Elue le 23 octobre lors des premières élections libres en Tunisie, l’Assemblée nationale constituante, dominée par les islamistes d’Ennahda, a pris son temps: un mois pour se réunir en plénière, un autre pour définir une « mini constitution » provisoire et son règlement intérieur…
Finalement, depuis la mi-février, les 217 élus, partagés en commissions thématiques, ont commencé à s’atteler à leur mission principale: la rédaction d’une nouvelle constitution pour la Tunisie post-Ben Ali.
« Oui, on peut dire que le travail progresse à pas de tortue », reconnaît Ahmed Nejib Chebbi, fondateur du Parti démocrate progressiste (PDP), dans l’opposition.
« Question de méthode et de volonté politique », analyse-t-il. A l’instar de nombre de ses collègues, il estime néanmoins que la récente décision d’Ennahda de renoncer à toute référence explicite à la charia dans la future constitution a levé un gros obstacle au travail des constituants.
« La pression a diminué d’un cran », abonde Hassen Radouani, un indépendant membre de la commission « Préambule et principes généraux », l’une des plus sensibles puisqu’elle devait décider de la référence ou non à la charia.
« C’est beaucoup plus calme »
« Avant, il y avait beaucoup d’éclats de voix, maintenant, c’est beaucoup plus calme », sourit cet inspecteur central de la Poste, originaire du bassin minier de Gafsa (centre de la Tunisie).
Indemnisé comme ses collègues 2.235 dinars par mois (environ 1.100 euros), il rentre tous les week-end retrouver sa famille dans sa région d’origine.
Les commissions constitutives (préambule, droits et libertés, organisation des pouvoirs, juridictions, collectivités) se réunissent les lundi, mardi, mercredi. Les huit commissions législatives sont prévues les jeudi et vendredi, et trois commissions spéciales –dont une consacrée au dossier sensible des martyrs de la révolution– se réunissent aléatoirement.
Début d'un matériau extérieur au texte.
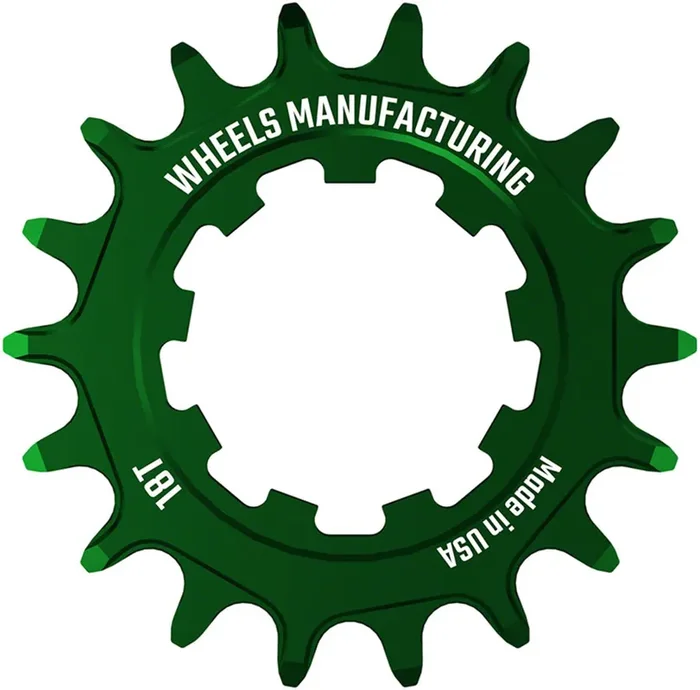 Wheels Manufacturing SOLO-SPEED Cog – 18t, Fits SOLO-SPLINE and SOLO-XD kits, Green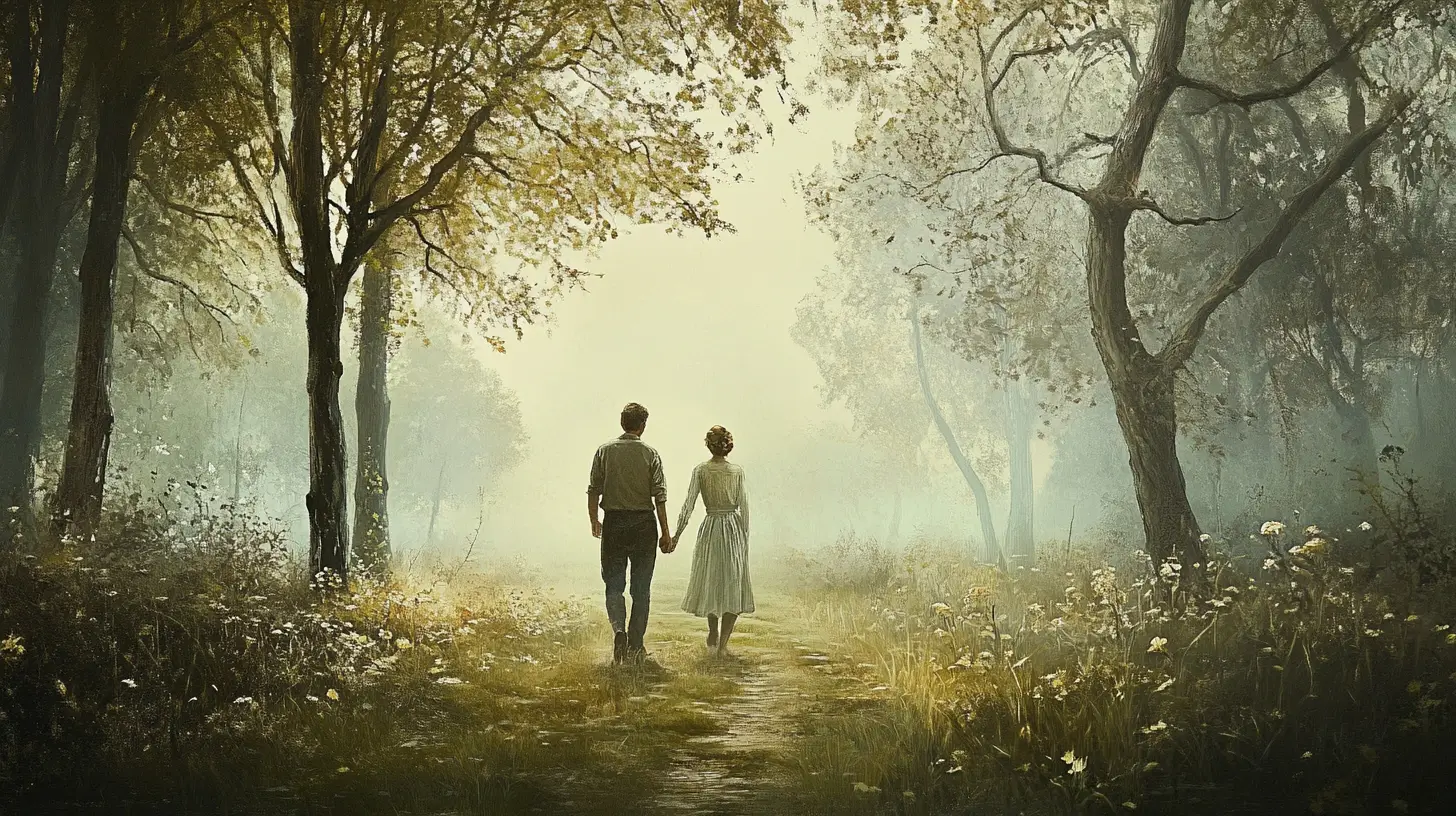man and woman walking in the forest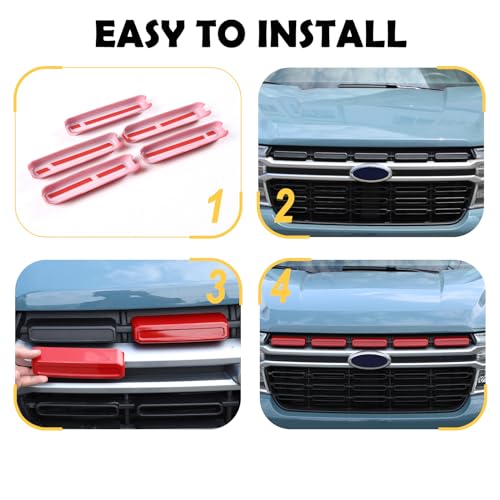 Image of Front Bumper Grille Cover Compatible with Ford Maverick 2022 2023, Car Air Inlet Vent Grille Cover, Grill Grille Inserts Trim Cover (Sport Red)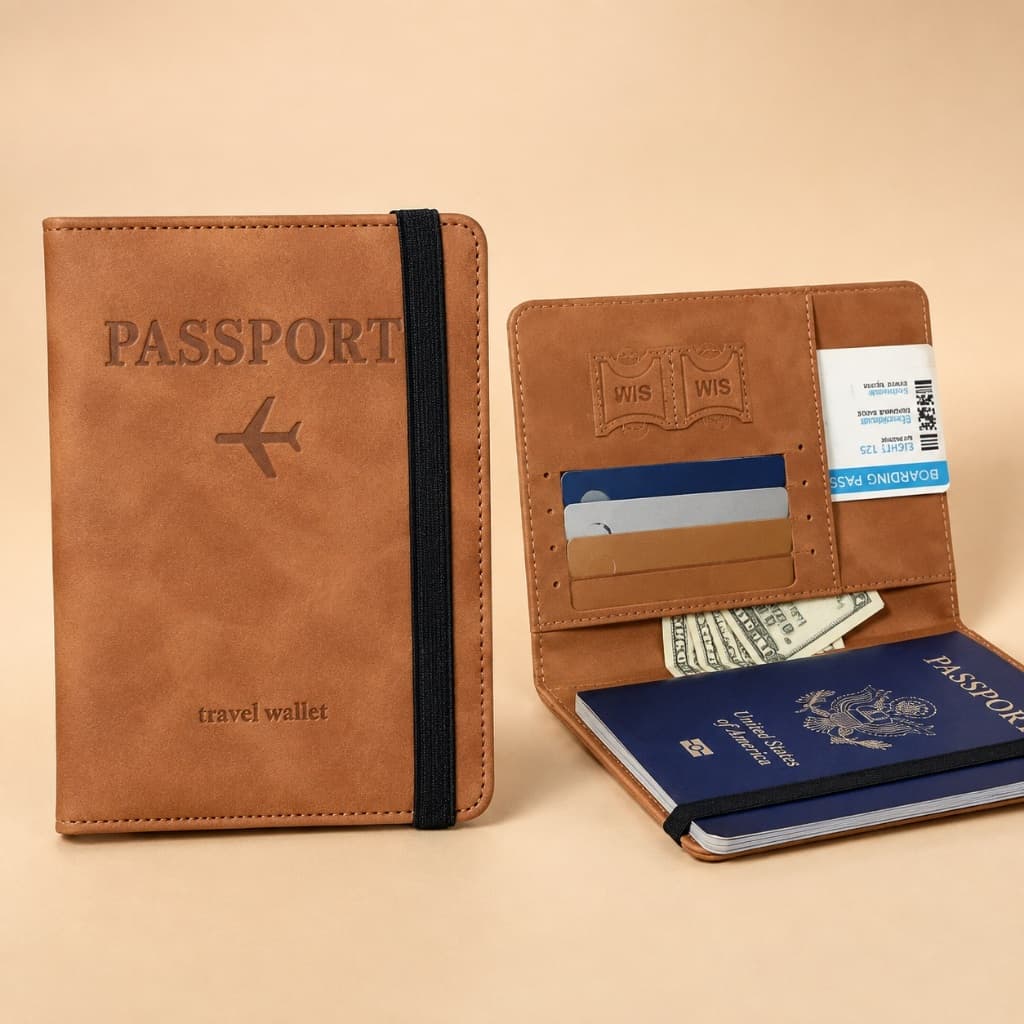 Carteira Porta Passaporte Viagem Porta Documentos e Cartões Travel Wallet Organizador Passaporte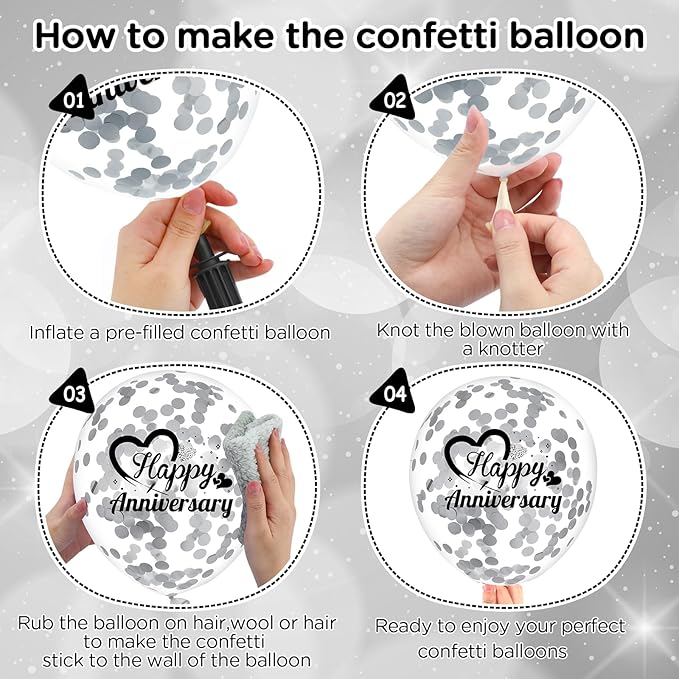 Happy Anniversary Balloons 18Pcs Black Silver Party Decorations for Women Men 12Inch Metallic Confetti Balloons for Indoor Outdoor Party Supplies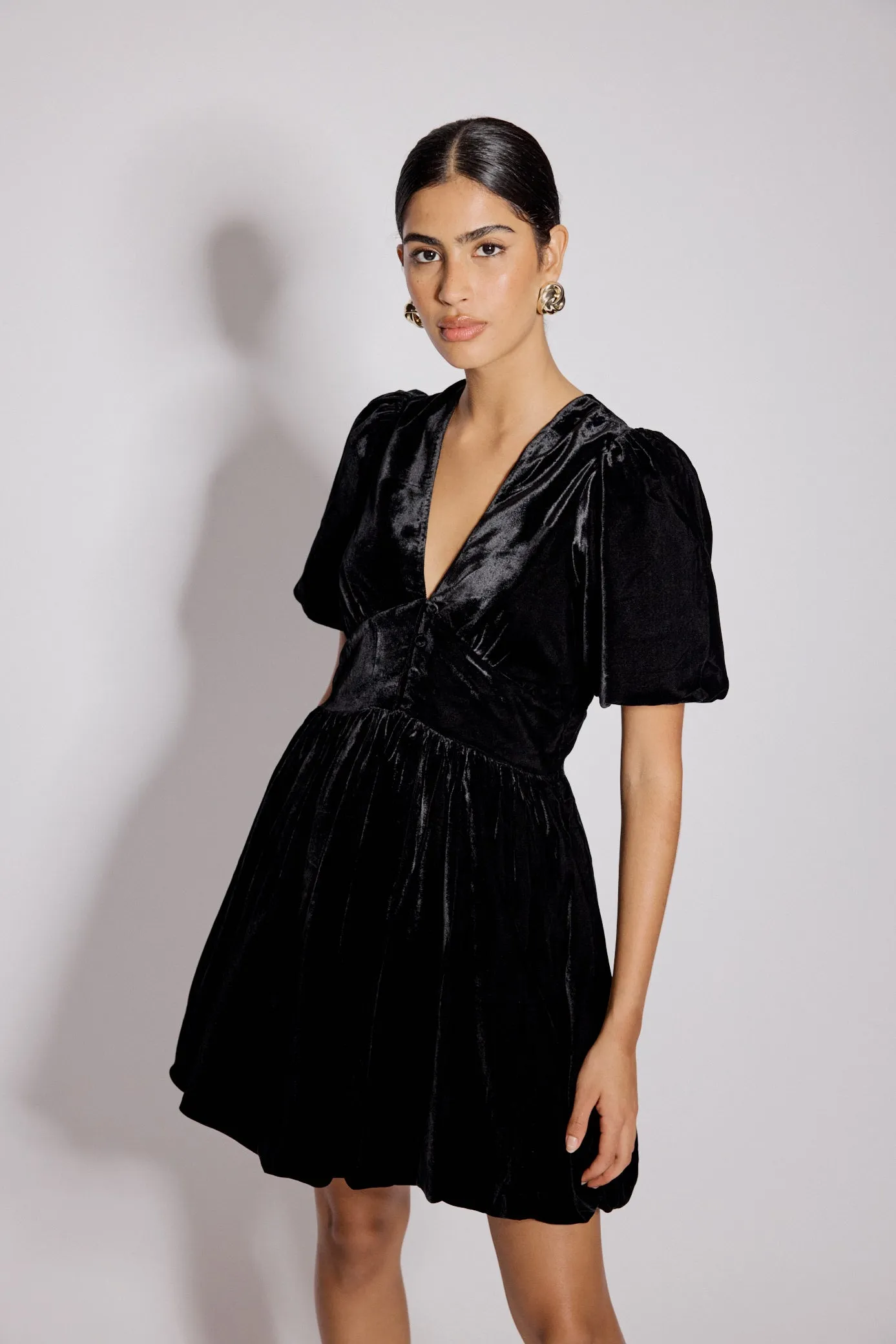 Black Velvet Puff Sleeve Starlight Mini Dress sold by Nobody's Child product image thumbnail 2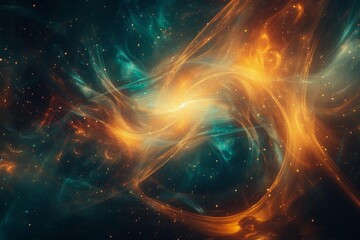 Wall Mural - an abstract cosmic concept with intertwining light and dark energy streams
Les critiques sur le fonctionnement de l’Assemblée –absentéisme, manque de transparence…– sont récurrentes.
Mais en majorité, les constituants travaillent. Directeur commercial, Mohsen Kaabi, élu d’Ennahda à la Manouba (ouest de Tunis), a pris une année de congé sans solde pour se consacrer à la Constituante.
Les élus auditionnent des juristes, des experts, des représentants d’ONG, comme Amnesty qui est venue plaider pour l’abolition de la peine de mort dans le futur texte fondamental de la Tunisie.
Il y a les « figures » de l’Assemblée, tel Brahim Qassas, élu de la « Pétition populaire », un obscur mouvement dirigé par un millionnaire tunisien basé à Londres, toujours vêtu de sa tenue traditionnelle bédouine et adepte des sorties théâtrales en séance plénière.
Il y a les rivalités historiques entre anciens opposants à Ben Ali, la plus fameuse étant celle opposant Ahmed Nejib Chebbi du PDP à Mustapha Ben Jaafar, le président de l’Assemblée constituante, dont le parti de gauche Ettakatol est allié aux islamistes.
« Nous avons dû mener une lutte acharnée pour conquérir un temps de parole pour l’opposition », raconte M. Chebbi, qui s’est déjà fait couper le micro abruptement par son rival en séance plénière.
Mais, souligne le constituant Mohsen Kaabi, « le plus beau dans cette expérience, c’est que malgré les tensions, on rigole ensemble, on mange ensemble. Nous tissons la démocratie petit à petit ».